There is no moment when we are feeling less like entering into a relationship with someone than when that someone has been cruel to us. We want to demonize them. To name them as evil. To identify them as something other than us, something different. We want to protect ourselves from further hurt, and it is so much easier to do that when we view them as “other,” not like us.

Think about how it plays out in contemporary politics. Instead of disagreeing with a public policy stance on the merits of the proposal, we demonize the person who put it forth, often in ways that have no relationship with who the person is at all. Thus we have people saying that Barack Obama is a secret Kenyan Muslim terrorist who was planted here like a Manchurian candidate. We have people saying that John McCain is an irrational, hot-tempered war-monger with a secret interracial illegitimate child. This despite the fact that Senator McCain’s child was adopted from India, and his temper, while legendary, is usually well-founded. This despite the fact that Obama presented ample proof that he was born in Hawaii, which is a part of the US, belonged to a Christian church in Chicago, and was in charge when the most violent anti-American terrorist, a Muslim named Osama bin Laden, was killed. Don’t bother me with the facts, some commentators say. I’d much rather demonize someone as my enemy by saying how very different he is from us. Argue about policy? Why expend all that energy when you can simply make the leader of the opposing side seem like the antichrist?

And that is what we have been trained to do, and it is even what we have trained our children to do. “Oh, that boy who bullied you in the schoolyard? He did it because he is the son of a single mom. Don’t ever talk to him, because he isn’t like us.” “Hang out with that Muslim child? You’d better let me know if his family tries to get you to say any of their prayers when you’re over there. They all believe in jihad, you know. They’re not like us.” “Play with that girl who has Down syndrome? You’d be bored. She’s not very smart, not like you.”
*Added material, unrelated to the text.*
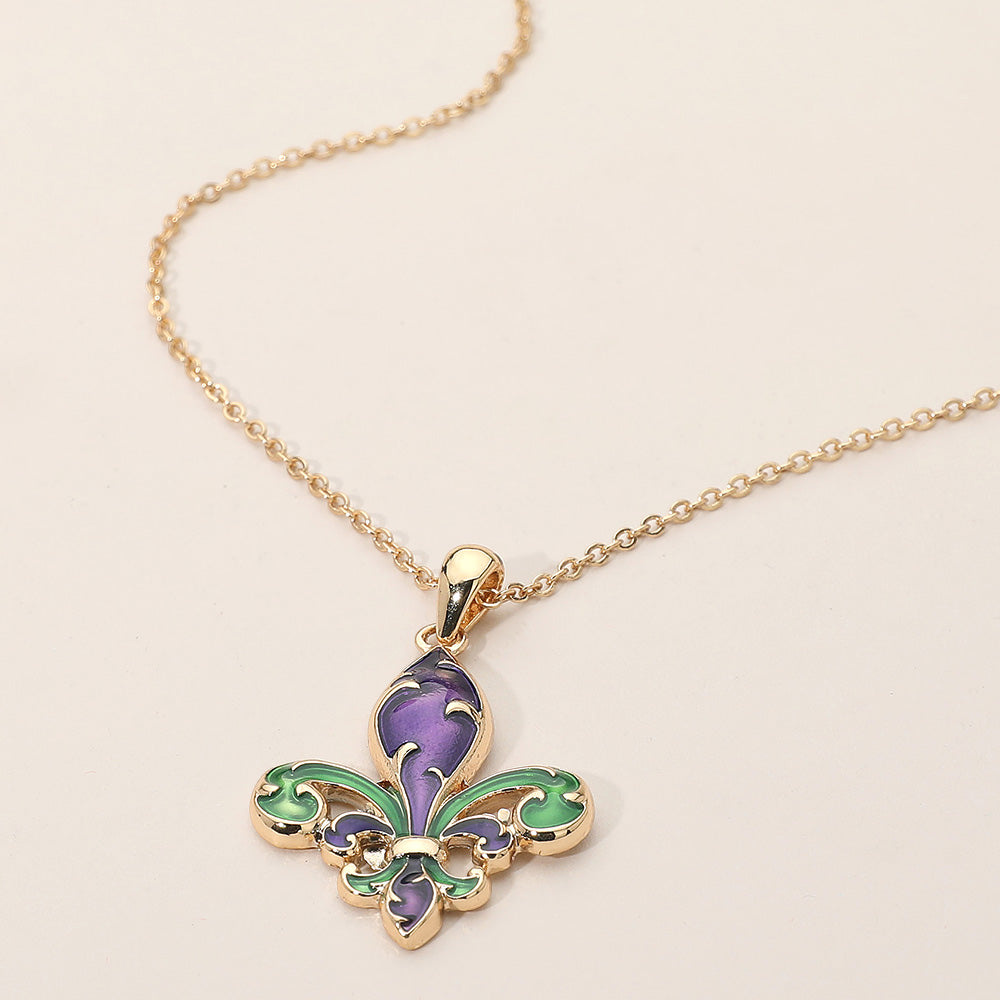 Gold, Multi Enamel Fleur de Lis Pendant Necklace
What a shame, when being in relationship with someone who is different from you can be such a blessing to you both, even when that different person doesn’t always treat you well.

The child with Down syndrome might be the sweetest and kindest child you will ever meet, and your child might learn some of those qualities as she is blessed with the smiles and conversation with her new friend. Your child might be a helper to her as well – always a good thing to learn. The Muslim child’s mom might introduce your child to the delicious foods of their homeland, and encourage the two of them to go outside and play in the yard together. Hard to hate someone when you play with them regularly, right? Your child might one day have a conversation with that schoolyard bully and discover that he is, indeed, the son of a single mom who works two jobs and has no one to help him with his homework, and he is struggling in school because of that. It doesn’t excuse his bullying, but might open a door to an offer to help him with homework. It might evolve into a different relationship than the one that you’d have if you simply called the principal and said “I want that child expelled!”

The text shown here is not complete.